▶ [TASK DIRECTIONS]: With the pictures left out, return exactly the lines from the one containing "Dining area featuring" through the end of the listing below.

▶ [RECORDED DATA]:

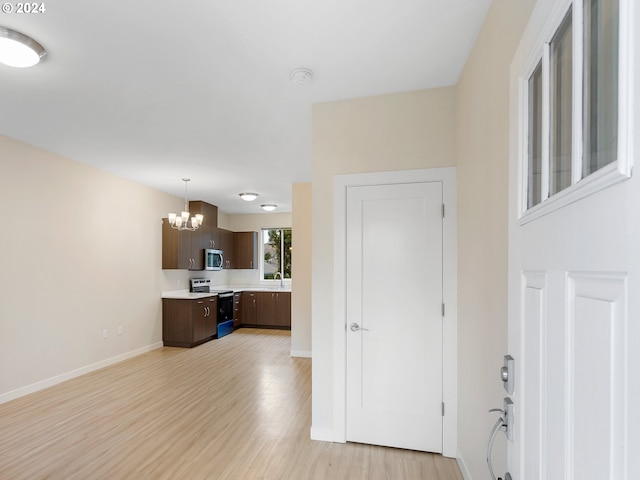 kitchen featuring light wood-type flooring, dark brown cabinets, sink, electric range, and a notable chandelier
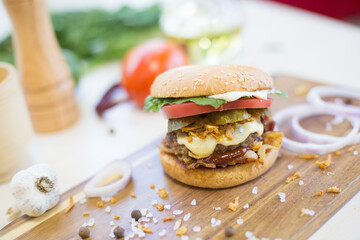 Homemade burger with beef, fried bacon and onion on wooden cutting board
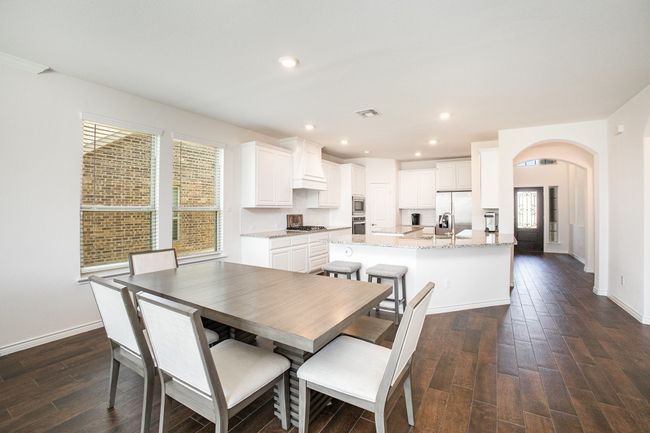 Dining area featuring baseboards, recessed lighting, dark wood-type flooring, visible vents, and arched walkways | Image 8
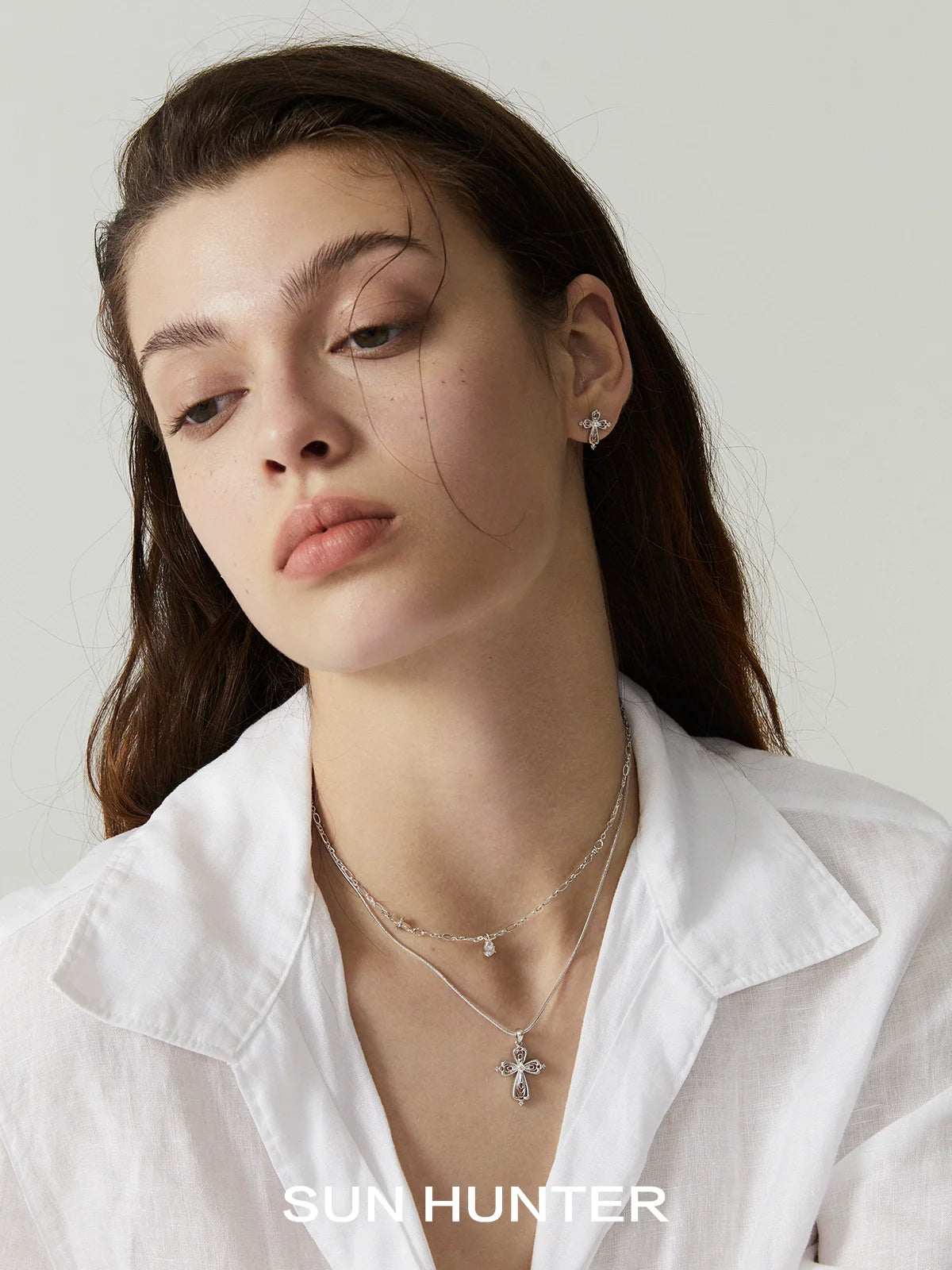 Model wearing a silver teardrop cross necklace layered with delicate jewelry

▶ [EXPECTED ANSWER]:
 Dining area featuring baseboards, recessed lighting, dark wood-type flooring, visible vents, and arched walkways | Image 8
 Model wearing a silver teardrop cross necklace layered with delicate jewelry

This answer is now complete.